Given data →
===============

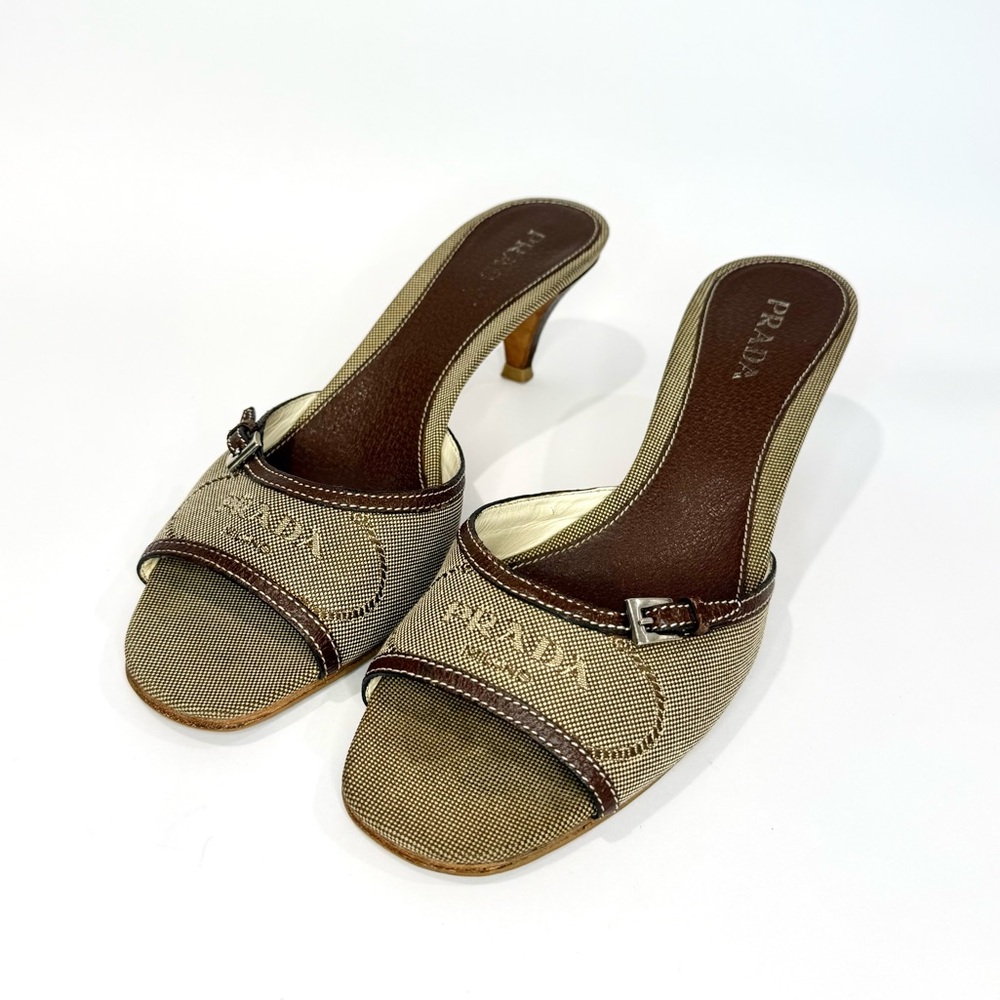 ✨SOLD✨ Vintage Prada Canvas Logo Sandals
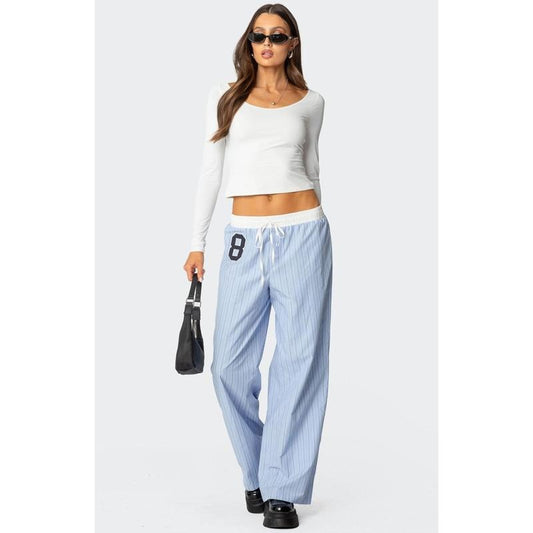Edikted Women's Erez Contrast Waist Striped Pants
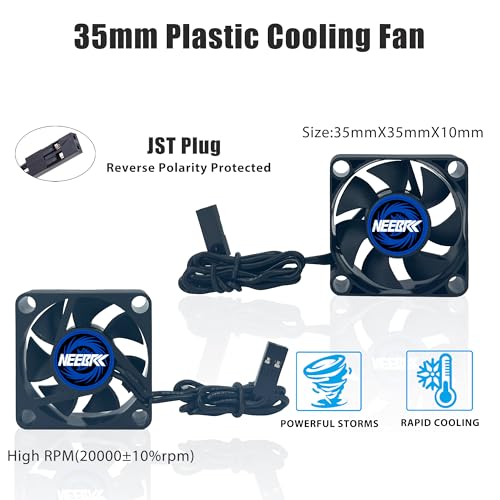 Motor Cooling Fan Dual Ball Bearings, Heatsink High Speed, 35x35x10mm for 1/10 1/8 Brushless Motor RC Car Part 36 42 Series 3660 3650 3670 540 550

===============

Retype the data above exactly, dropping every picture.

Result of this task →
 ✨SOLD✨ Vintage Prada Canvas Logo Sandals
Edikted Women's Erez Contrast Waist Striped Pants
 Motor Cooling Fan Dual Ball Bearings, Heatsink High Speed, 35x35x10mm for 1/10 1/8 Brushless Motor RC Car Part 36 42 Series 3660 3650 3670 540 550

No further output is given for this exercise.